Endometriumkrebs: studie verdoppelt hinweise auf genetisches risiko


Endometriumkrebs: studie verdoppelt hinweise auf genetisches risiko

Eine internationale Studie hat fünf neue Genregionen identifiziert, die die Summe der bekannten Regionen auf neun bringen, die das Risiko einer Frau erhöhen, endometrialen Krebs zu entwickeln.

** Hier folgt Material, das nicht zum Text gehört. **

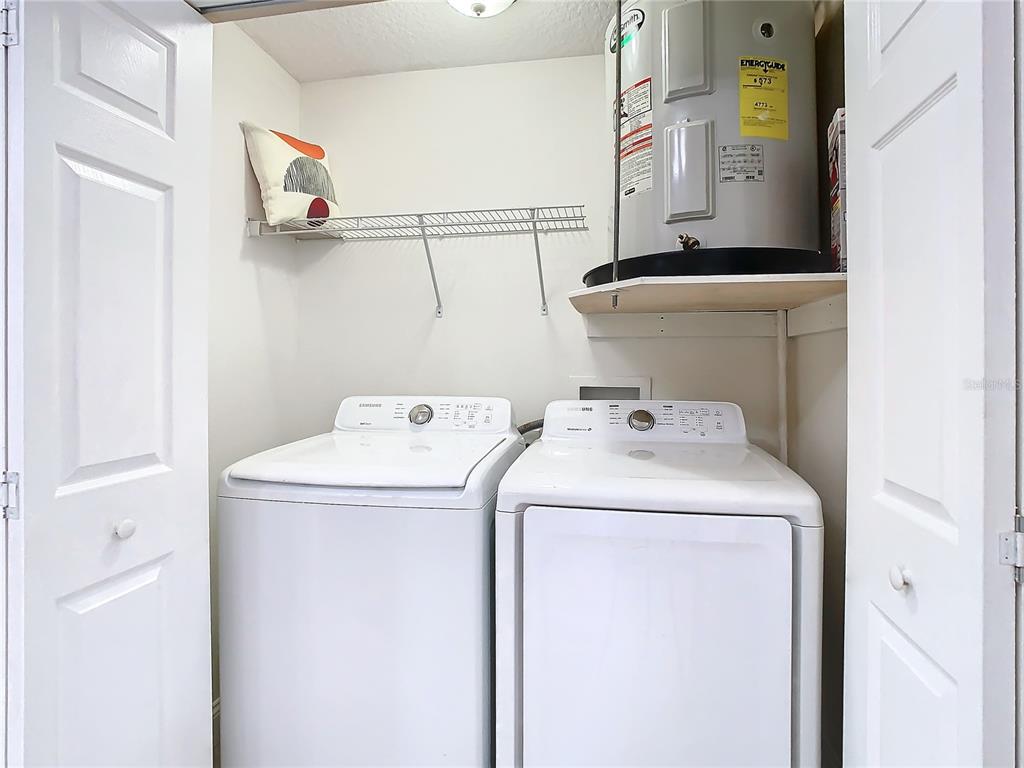 2907 West Arch Street Tampa, FL 33607 - Photo 37 of 48 a utility room with dryer and washer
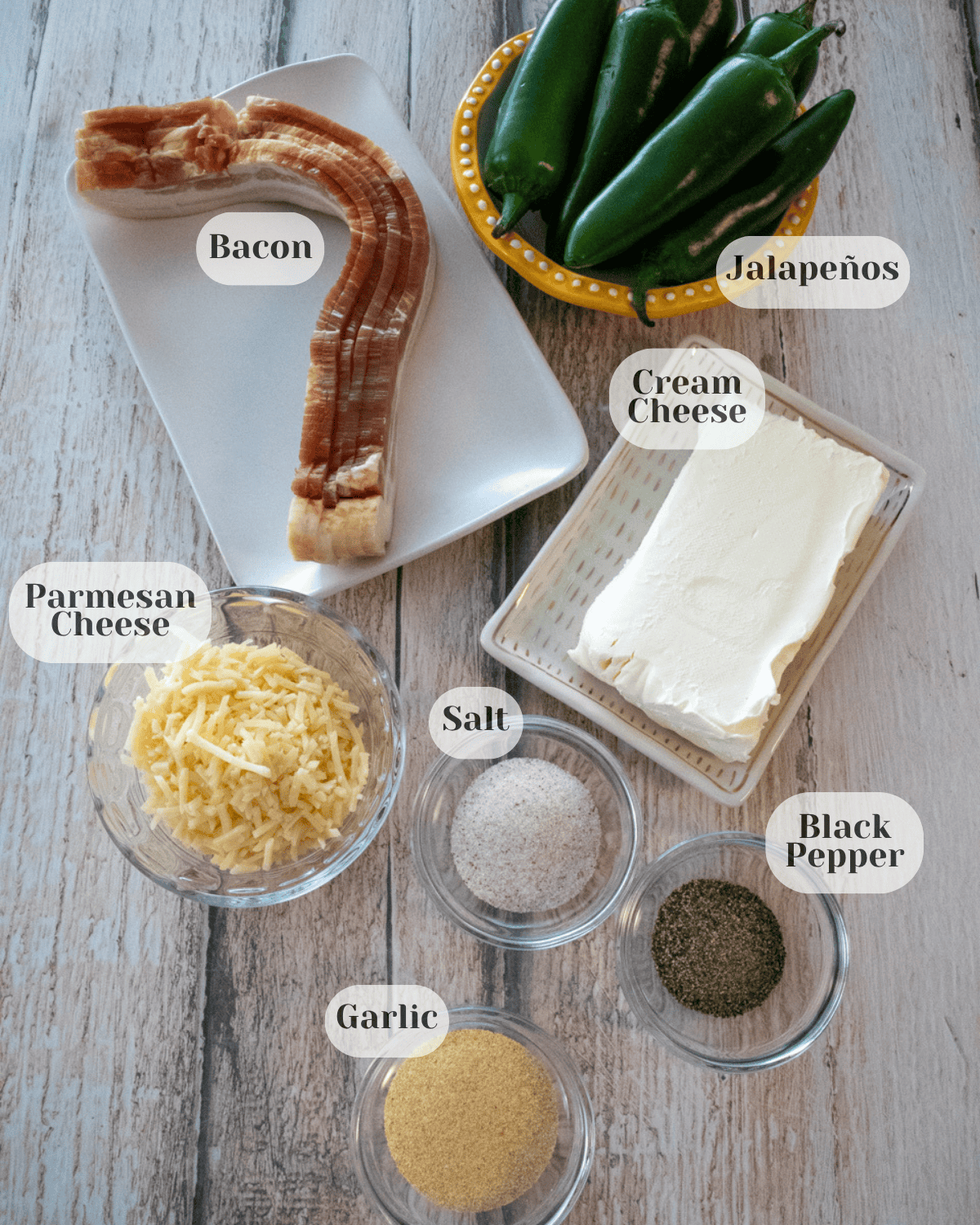 On a countertop, bacon, jalapeños, cream cheese, Parmesan cheese, black pepper, salt, and garlic powder are arranged in separate small bowls.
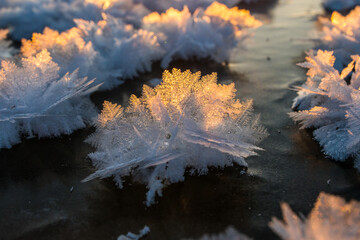 bright yellow beautiful sunrise over a frozen lake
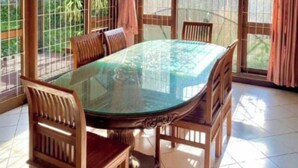 A round glass-top dining table with wooden chairs, surrounded by large windows with curtains. - Hotel O Bougenville Resort (Cipanas)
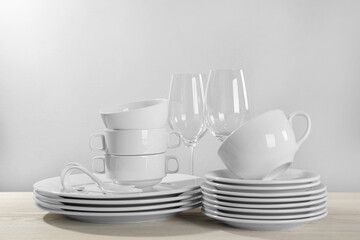 Set of clean dishware and glasses on white wooden table against light background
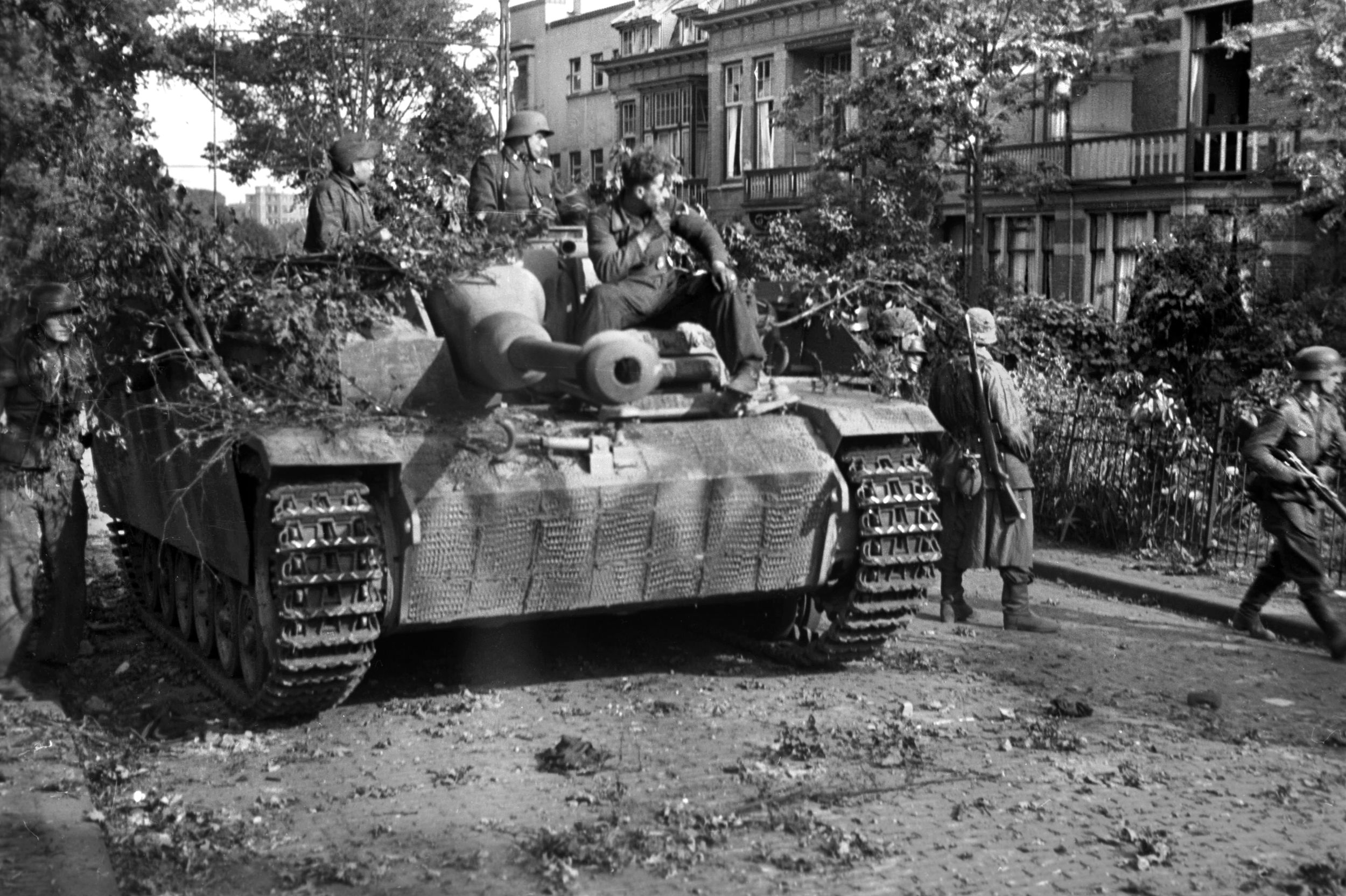 German soldiers sit atop a Sturmgeschutz III self-propelled assault gun in a Dutch town while other troops sweep the area. These armored vehicles were among those that British commanders did not believe constituted a threat to Operation Market-Garden.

Als Forscher sammeln umfassendere Daten über die Risikofaktoren für Endometriumkrebs, dann wird es klarer, welche Gene mit neuen Behandlungen gezielt werden können.

Das Team von Forschern - aus Australien, Belgien, China, Deutschland, Norwegen, Schweden, Großbritannien und den Vereinigten Staaten - berichtet über die Ergebnisse in der Zeitschrift Naturgenetik .

Endometriumkrebs ist Krebs, der sich im Uterus entwickelt, wenn Zellen in seinem inneren Futter (das Endometrium) außer Kontrolle geraten.

Für die Studie, das Team gepoolt Daten aus Genom-Seite Assoziationsstudien, die insgesamt untersucht die DNA von über 7.000 Frauen mit endometrialen Krebs und 37.000 Frauen ohne Krebs.

Sie identifizierten genetische Varianten, die das Risiko der Entwicklung der Krankheit beeinflussen.

Die Ermittler identifizierten fünf neue Genregionen, die bisher nicht mit Endometriumkrebs assoziiert waren, obwohl einige von ihnen bereits bekannt sind, um das Risiko der Entwicklung von Eierstock-, Prostata- und anderen gemeinsamen Krebsarten zu unterstützen.

Die Ergebnisse bringen die Gesamtzahl der Genregionen, die scheinen, um das Risiko der Entwicklung von endometrialen Krebs zu neun - über das Doppelte der vorherigen Zahl zu erhöhen.

Einer der Autoren, Dr. Deborah Thompson von der University of Cambridge in der U.K., sagt:

"Unsere Ergebnisse helfen uns, ein klareres Bild von den genetischen Ursachen von Endometriumkrebs bei Frauen zu malen, besonders dort, wo es keine starke Familiengeschichte von Krebs gibt."

Risiko-Gene könnten mit neuen Behandlungen gezielt werden

Dr. Thompson erklärt, dass, während jede einzelne Variante nur das Risiko einer Erkrankung um 10-15 Prozent zu erhöhen scheint, ihr richtiger Wert dazu beitragen wird, die Gesamtzahl solcher Varianten zu finden, die Frauen geerbt haben könnten.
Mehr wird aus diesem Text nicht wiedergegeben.